> [Exercise inputs]:
----------------

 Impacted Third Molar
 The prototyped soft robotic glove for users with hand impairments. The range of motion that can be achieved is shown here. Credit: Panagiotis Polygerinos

----------------

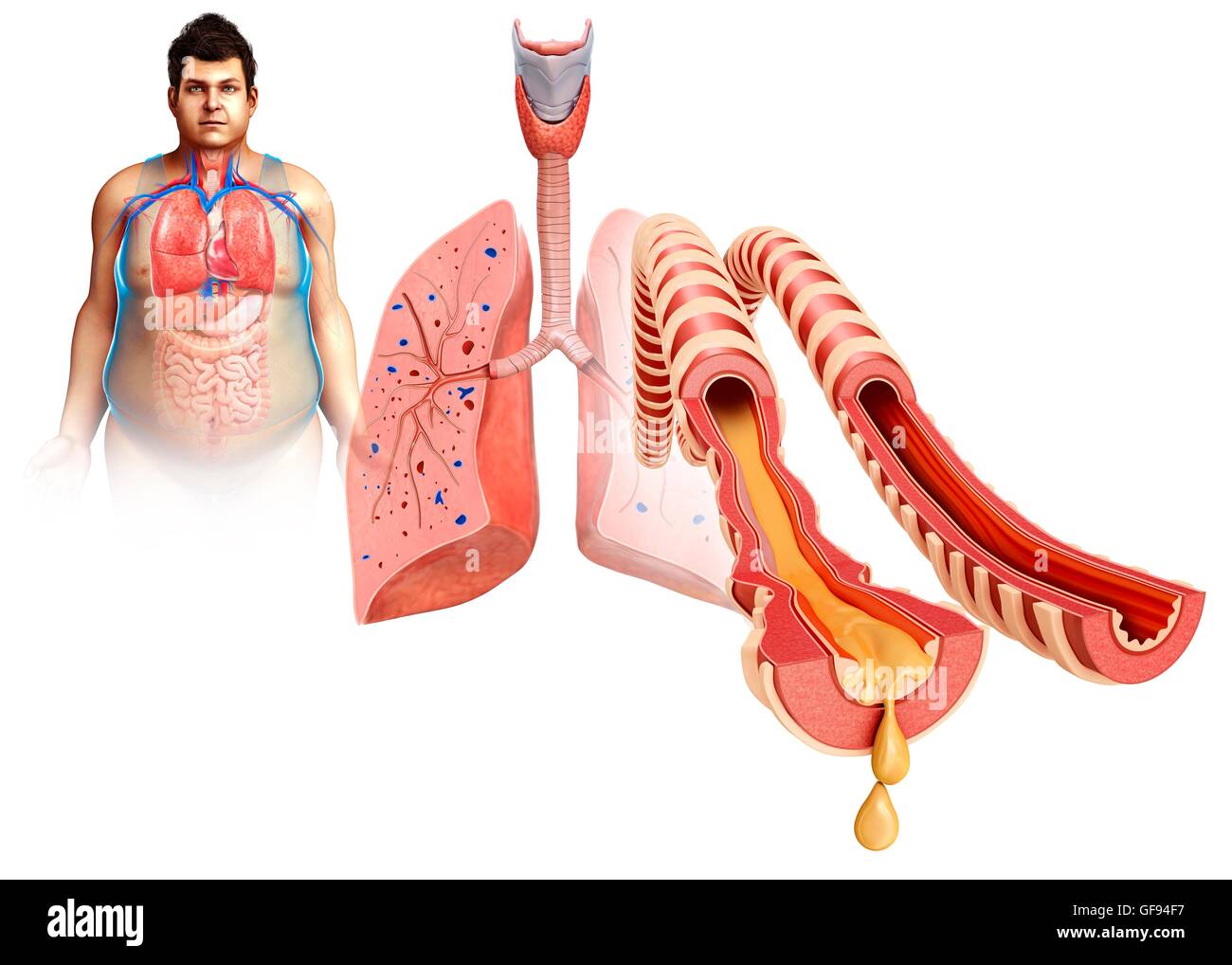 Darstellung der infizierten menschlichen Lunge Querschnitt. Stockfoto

----------------

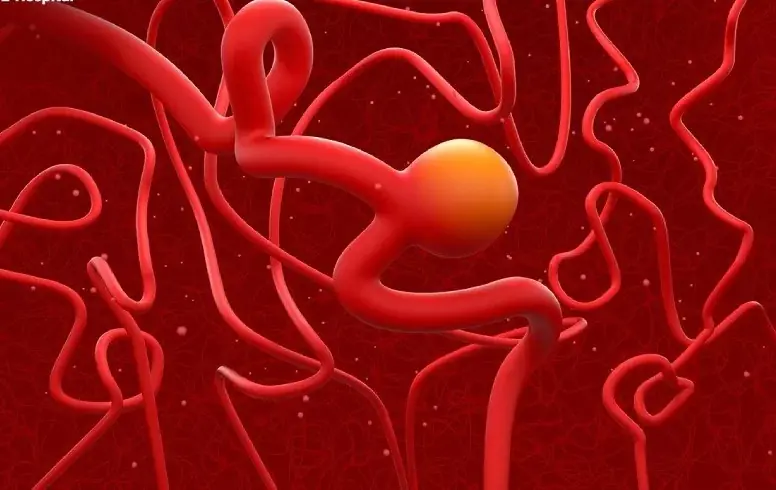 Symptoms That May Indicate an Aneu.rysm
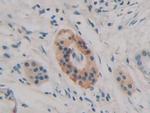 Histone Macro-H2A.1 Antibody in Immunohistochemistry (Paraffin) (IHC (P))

----------------

> [Assignment]:
Referring to the material above, set down exactly the lines between the line with "Impacted Third Molar" and the line with "The prototyped soft", inclusive, and no other lines.

> [Exercise response]:
 Impacted Third Molar
 The prototyped soft robotic glove for users with hand impairments. The range of motion that can be achieved is shown here. Credit: Panagiotis Polygerinos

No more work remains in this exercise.